Pictures aside, return all of the records exactly as they stand.

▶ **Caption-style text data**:
= = =
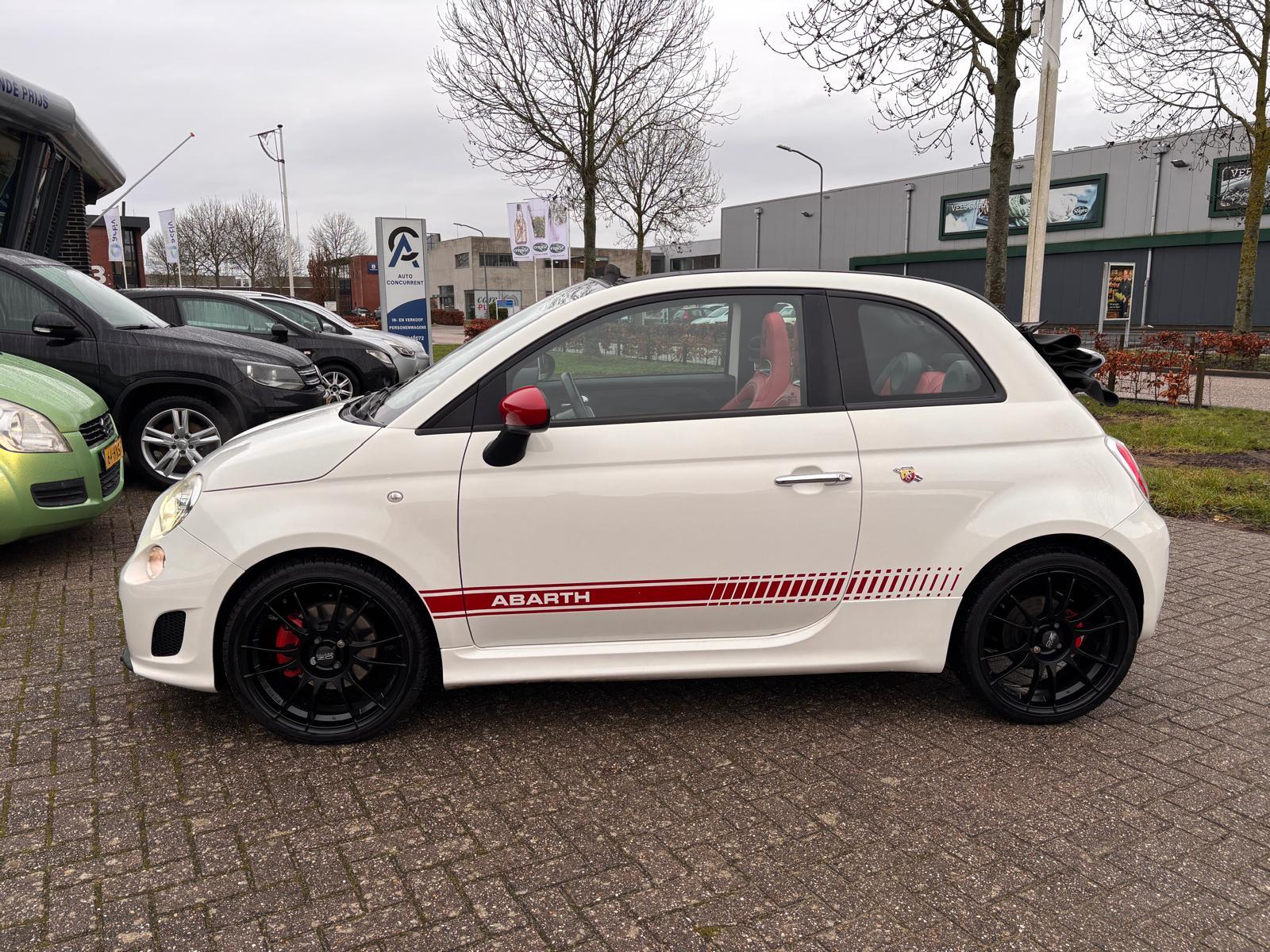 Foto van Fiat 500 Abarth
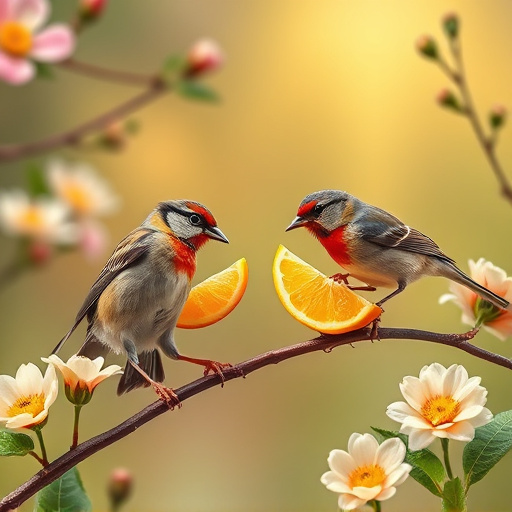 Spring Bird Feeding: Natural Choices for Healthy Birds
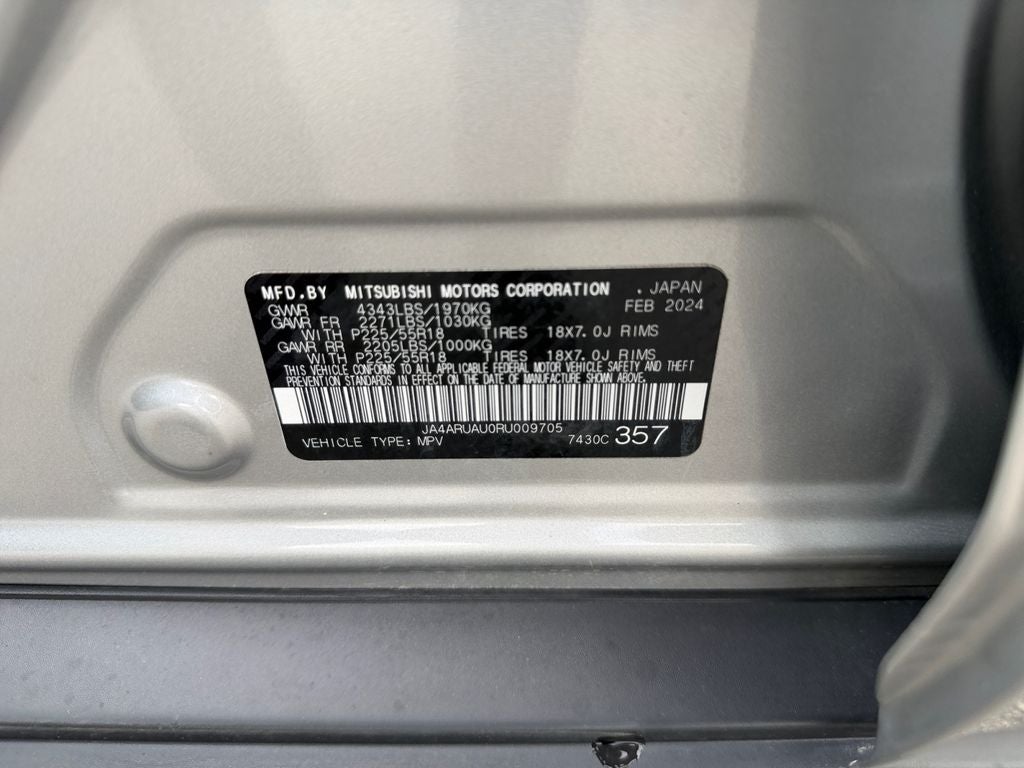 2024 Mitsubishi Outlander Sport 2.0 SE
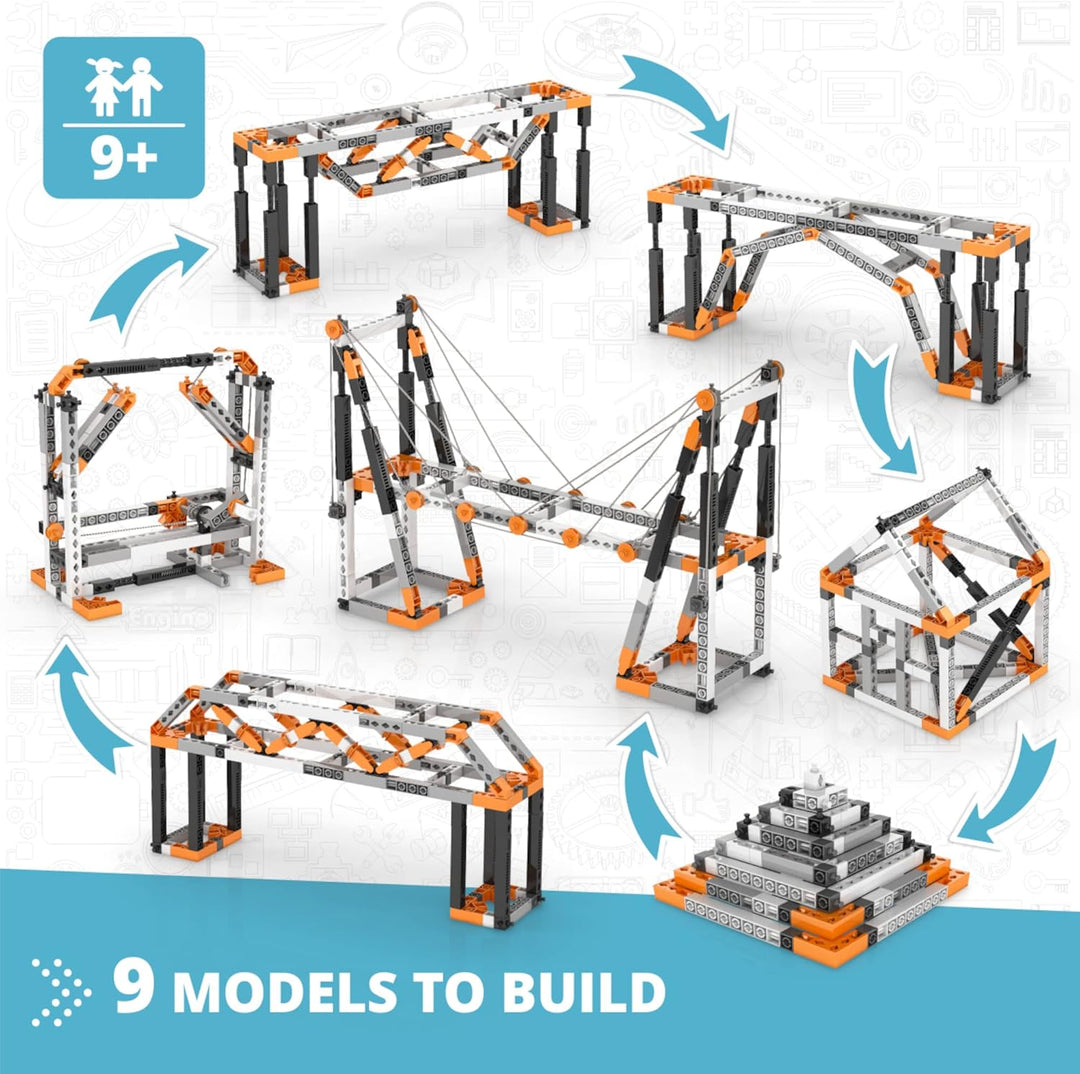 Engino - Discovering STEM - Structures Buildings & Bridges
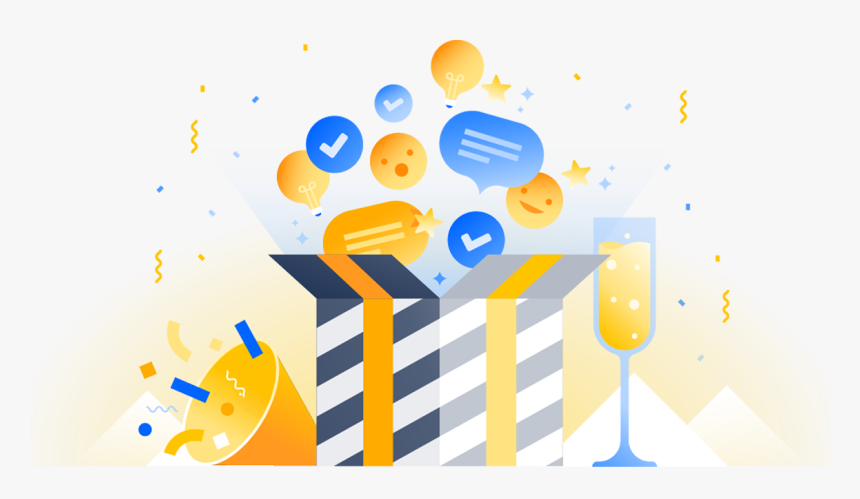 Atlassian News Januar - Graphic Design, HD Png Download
= = =
▶ **RESPONSE AREA**:
 Foto van Fiat 500 Abarth
 Spring Bird Feeding: Natural Choices for Healthy Birds
 2024 Mitsubishi Outlander Sport 2.0 SE
 Engino - Discovering STEM - Structures Buildings & Bridges
 Atlassian News Januar - Graphic Design, HD Png Download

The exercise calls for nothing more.